Bochum (taz) – Seltene Eintracht herrscht derzeit zwischen Herbert Schnoor, SPD-Innenminister in Düsseldorf, und Bundesarbeitsminister Norbert Blüm, in seiner Funktion als Vorsitzender der NRW-CDU. In einem gemeinsamen Brief an den Intendanten des WDR, Friedrich Nowottny, und den Vorsitzenden des WDR- Rundfunkrates, Reinhard Grätz (SPD-MdL), beschweren sich die beiden Politiker bitterlich über ihren verunglückten Auftritt in der WDR-Regionalsendung „Hier und Heute“ vom vergangen Samstag (siehe taz v. 22.2.). Die Sendung stand unter dem Motto „Ist das Ruhrgebiet noch zu retten?“ und war als Show mit Einspielfilmen, Live-Übertragungen vom Solidaritätskonzert im Rheinhausener Walzwerk und Mitmachaktionen für Zuschauer einmal vollkommen anders gemacht als gemeinhin üblich. Auf unterhaltsame Weise wollte die Redaktion versuchen, den Zuschauern die Strukturkrise in der Ruhr-Wirtschaft nahezubringen. Zum Eklat kam es, als der von Radio Bremen ausgeliehene „Extratour“-Moderator Christian Berg Politiker der vier Bundestagsparteien auf dem Podium im Bochumer Bergbaumuseum in ein Rollenspiel verwickeln wollte. Um eine der üblichen Podiumsdiskussionen zwischen den Politikern zu vermeiden, animierte Moderator Berg als erstes das verhinderte Show-Talent Möllemann (FDP-Landesvorsitzender) dazu, einmal einen Betriebsratsvorsitzenden zu mimen, der soeben erfahren hat, daß sein Betrieb stillgelegt werden soll. Ohne Murren stellte sich Möllemann in die Bütt und hielt eine flammende Rede.

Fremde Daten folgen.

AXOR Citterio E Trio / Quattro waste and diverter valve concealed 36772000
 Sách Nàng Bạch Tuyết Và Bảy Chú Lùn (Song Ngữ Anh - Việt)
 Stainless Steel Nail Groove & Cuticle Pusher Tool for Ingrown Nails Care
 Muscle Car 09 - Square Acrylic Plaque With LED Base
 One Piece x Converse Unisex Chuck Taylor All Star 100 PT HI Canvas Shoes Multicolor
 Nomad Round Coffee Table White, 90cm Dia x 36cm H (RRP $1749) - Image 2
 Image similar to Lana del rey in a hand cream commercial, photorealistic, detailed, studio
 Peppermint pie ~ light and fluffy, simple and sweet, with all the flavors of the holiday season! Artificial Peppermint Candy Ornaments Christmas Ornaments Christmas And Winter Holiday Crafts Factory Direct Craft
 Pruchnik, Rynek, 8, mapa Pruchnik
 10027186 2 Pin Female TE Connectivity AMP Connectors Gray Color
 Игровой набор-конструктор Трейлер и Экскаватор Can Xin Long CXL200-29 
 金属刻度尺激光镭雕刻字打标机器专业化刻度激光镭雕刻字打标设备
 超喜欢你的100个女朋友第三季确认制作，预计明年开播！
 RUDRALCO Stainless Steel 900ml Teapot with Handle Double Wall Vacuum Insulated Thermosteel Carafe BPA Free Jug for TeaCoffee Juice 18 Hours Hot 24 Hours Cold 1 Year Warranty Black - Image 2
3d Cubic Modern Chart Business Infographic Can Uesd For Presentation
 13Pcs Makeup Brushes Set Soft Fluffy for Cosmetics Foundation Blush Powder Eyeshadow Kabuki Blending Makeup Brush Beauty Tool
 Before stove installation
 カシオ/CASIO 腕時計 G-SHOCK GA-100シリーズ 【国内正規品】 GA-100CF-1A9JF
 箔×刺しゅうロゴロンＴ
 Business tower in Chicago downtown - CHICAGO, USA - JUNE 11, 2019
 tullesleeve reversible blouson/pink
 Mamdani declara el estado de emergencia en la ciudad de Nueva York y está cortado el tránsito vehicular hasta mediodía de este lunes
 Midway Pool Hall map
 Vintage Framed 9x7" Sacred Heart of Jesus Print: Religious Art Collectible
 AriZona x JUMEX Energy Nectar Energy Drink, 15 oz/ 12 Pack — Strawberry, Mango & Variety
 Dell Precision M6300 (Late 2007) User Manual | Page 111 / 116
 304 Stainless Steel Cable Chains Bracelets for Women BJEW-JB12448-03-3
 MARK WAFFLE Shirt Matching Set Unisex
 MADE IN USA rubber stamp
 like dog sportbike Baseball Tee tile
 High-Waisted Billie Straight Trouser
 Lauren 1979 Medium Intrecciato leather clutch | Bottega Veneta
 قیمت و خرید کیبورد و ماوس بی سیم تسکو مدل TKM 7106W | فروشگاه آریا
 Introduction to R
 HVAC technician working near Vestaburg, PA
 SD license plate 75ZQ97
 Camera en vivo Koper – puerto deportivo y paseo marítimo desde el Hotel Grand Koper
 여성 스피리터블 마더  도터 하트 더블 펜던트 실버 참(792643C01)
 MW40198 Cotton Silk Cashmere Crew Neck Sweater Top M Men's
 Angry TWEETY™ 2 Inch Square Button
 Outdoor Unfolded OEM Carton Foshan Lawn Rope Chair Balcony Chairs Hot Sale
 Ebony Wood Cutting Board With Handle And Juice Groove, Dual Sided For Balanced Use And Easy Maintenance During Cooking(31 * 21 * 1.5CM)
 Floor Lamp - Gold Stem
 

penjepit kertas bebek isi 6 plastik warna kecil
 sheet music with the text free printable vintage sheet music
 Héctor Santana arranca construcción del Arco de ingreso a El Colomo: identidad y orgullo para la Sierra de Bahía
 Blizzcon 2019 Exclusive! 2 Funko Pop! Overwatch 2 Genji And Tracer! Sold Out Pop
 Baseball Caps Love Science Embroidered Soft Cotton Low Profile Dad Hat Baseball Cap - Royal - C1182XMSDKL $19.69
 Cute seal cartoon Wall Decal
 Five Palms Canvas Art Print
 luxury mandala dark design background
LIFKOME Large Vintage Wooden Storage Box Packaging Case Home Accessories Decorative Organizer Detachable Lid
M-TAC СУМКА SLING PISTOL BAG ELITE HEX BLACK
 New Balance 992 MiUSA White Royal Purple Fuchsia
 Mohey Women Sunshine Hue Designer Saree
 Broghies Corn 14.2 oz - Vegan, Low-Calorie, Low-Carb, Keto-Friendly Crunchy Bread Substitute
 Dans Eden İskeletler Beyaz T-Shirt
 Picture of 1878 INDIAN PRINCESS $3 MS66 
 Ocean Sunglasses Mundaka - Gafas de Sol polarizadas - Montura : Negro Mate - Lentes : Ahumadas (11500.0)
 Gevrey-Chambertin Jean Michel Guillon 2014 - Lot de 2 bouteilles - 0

Als nächste sollte Jutta Ditfurth eine Stahl-Aufsichtsratsvorsitzende spielen, die den Betrieb stilllegen soll. Nur mit Mühe brachte Berg die landesfremde grüne Bundesvorstandsfrau davon ab, ein allgemein-grünes Statement abzugeben. Das machte Blüm und Schnoor Mut, voll auf die Spielverderber-Schiene einzuschwenken: „Ich eigne mich nicht zu Maskeraden,“ meinte Blüm, der ein Bürgerkomitee zur Verteidigung des Stahlwerkes gründen sollte. „Die Lage ist viel zu ernst, als daß sie sich zu Gags eignet,“ wandte Schnoor ein.

Als die Politiker dann auch noch eine Prognose für Rheinhausen im Jahre 1989 geben sollten und Blüm sich auf dreimalige hartnäckige Nachfrage von Moderator Berg nicht festlegen lassen wollte, waren sie endgültig sauer. „Seien Sie jetzt ruhig!“, fuhr Schnoor einen Zwischenrufer an. Blüm versuchte abzulenken, indem er dem Moderator als Landesfremden jegliche Kompetenz absprach, und Möllemann fiel erst nach der Sendung auf, daß sein naßforscher Betriebsratsauftritt die „Solidarität der Demokraten“ unterlaufen hatte. Seine Beschwerde über den Moderator kam erst im Off.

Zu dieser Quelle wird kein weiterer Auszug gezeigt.